As with most home theater projectors, if you want the most out of your PLV-Z4000, a calibration is necessary. You really have three options: Calibrate it yourself, with calibration discs like the DVE-HD or Avia, have a professional calibrate it, or you could drop in our settings, which may not be perfect for your PLV-Z4000 (as each projector is a little different, mostly due to lamp variation), but still a far sight better than the “out of the box” settings.

This PLV-Z4000 does not exhibit the fairly noticeable yellow green shift we couldn’t eliminate in the older Sanyo (yes it’s there in Dynamic mode, but more muted than last time, and that’s advantageous when you want max lumens). That, right there, makes this a better projector! And all the numbers indicate that this projector will provide a more accurate, better picture, than the older Z3000. That means the real question is not how much improvement, but how the Sanyo stacks up against other projectors.

The limited RGB settings (only one for each color) on the Z4000 primarily affect the middle ranges, and have less effect at the extremes (20 and 100 IRE). That is the same, it seems as the older Z3000, but Mike indicated that the Z4000 may have a little more affect on the ranges, than it’s predecessor, which would make sense considering the numbers above.

We did not use Dynamic Gamma in our calibration. It does have noticeable impact on grayscale balance as well as gamma. Integrating Dynamic Gamma in, makes for a far more time consuming calibration.

Since the measured (regular) gamma without using Dynamic Gamma was 2.17, and 2.2 is ideal, this is about as close to dead on, as you will get.

RGB Settings

These are the adjustments we made to Red, Green and Blue for the grayscale balance of the Pure Cinema mode, and should be fine for Creative Cinema as well, though not confirmed.
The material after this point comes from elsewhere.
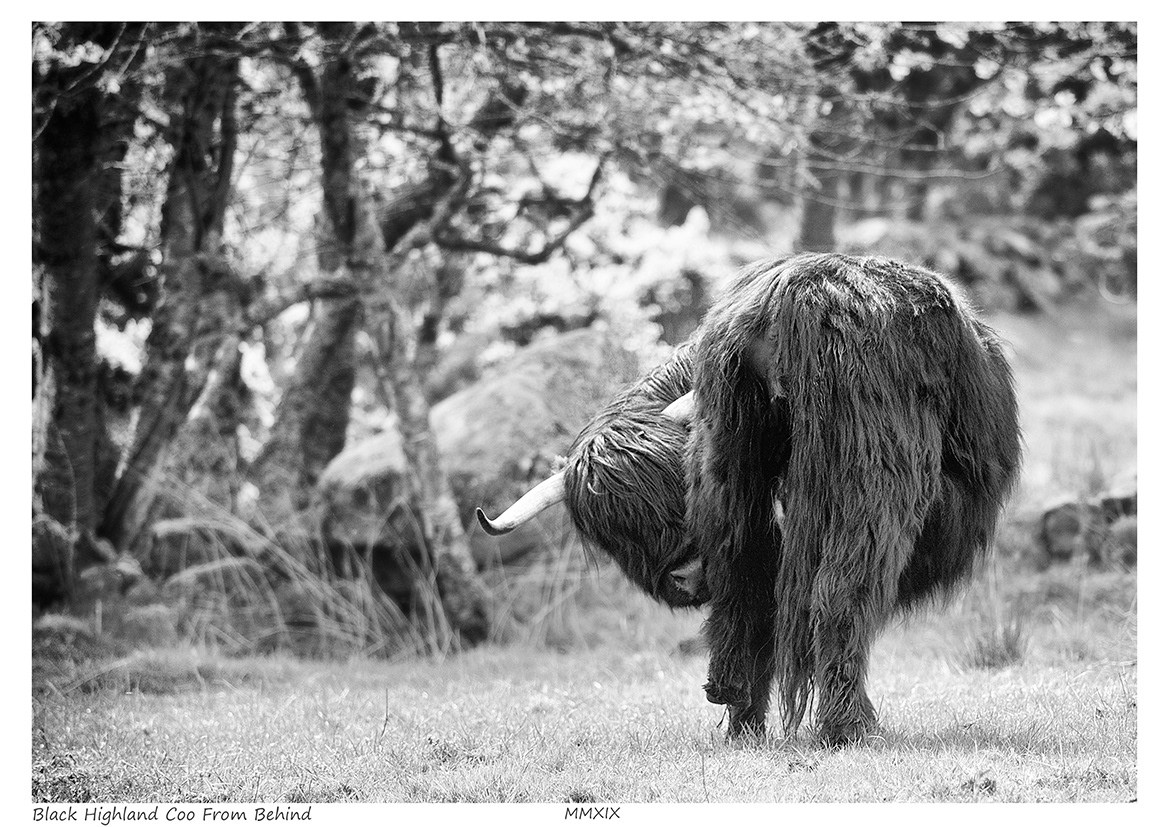 Black Highland Coo from Behind (Highland Cattle)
The two modes measure slightly differently, but that may be attributable to their different default lamp modes.

Calibration settings:
We set up User 1 based on a Pure Cinema starting point, Contrast on 3, Brightness on 0, Color on –8, Tint on 1, Gamma on –1, Lamp on Normal, Iris on Fixed at –60 (You’ll want the iris opened and dynamic).

RGB settings (default is 0)
Red 4
Green -2
Blue -2

Lumens measured were a mere 234, but that’s with the iris at -60… Pure mode is theoretically for “purists” those who would not use a dynamic iris.
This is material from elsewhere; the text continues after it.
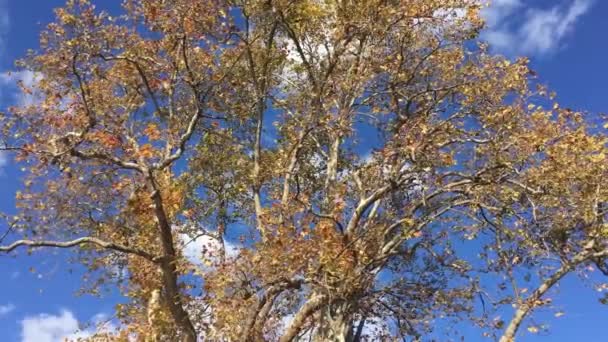 Falling Yellow Leaves on Blue Sky. — Stock Video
Resulting color temperature of white for Pure (or Creative) Cinema: 6571K (almost perfect).
These settings are virtually identical to our Z3000 settings, but the results sure are definitely different (better now).
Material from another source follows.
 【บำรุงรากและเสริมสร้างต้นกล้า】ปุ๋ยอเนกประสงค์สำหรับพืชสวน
For a quick calibrate of Living mode (which Mike saved in User 2):
Red 10
Green 0
Blue -5

Resulting color temperature of white: 7180K (defintely a little cool, but looks great, especially for sports).

Mike didn’t setup Dynamic mode, but these settings probably will do the trick:
Red 16
Green 0
Blue -2

You could drop the blue further, but assuming you don’t want to further add to the yellow-green, I’d say better to boost red, than drop blue any further. The resulting settings are probably in the low to mid 7000K range, not too much different than Living mode after Mike got done with it, (but more default color saturation – for cutting through the ambient light, of course).

That pretty much covers our settings. BTW, for Gamma, typically -1 or 0 work best in most modes – Mike didn’t provide specifics. For sport with ambient light you might try 0, +1, or maybe even +2, if that works in your situation.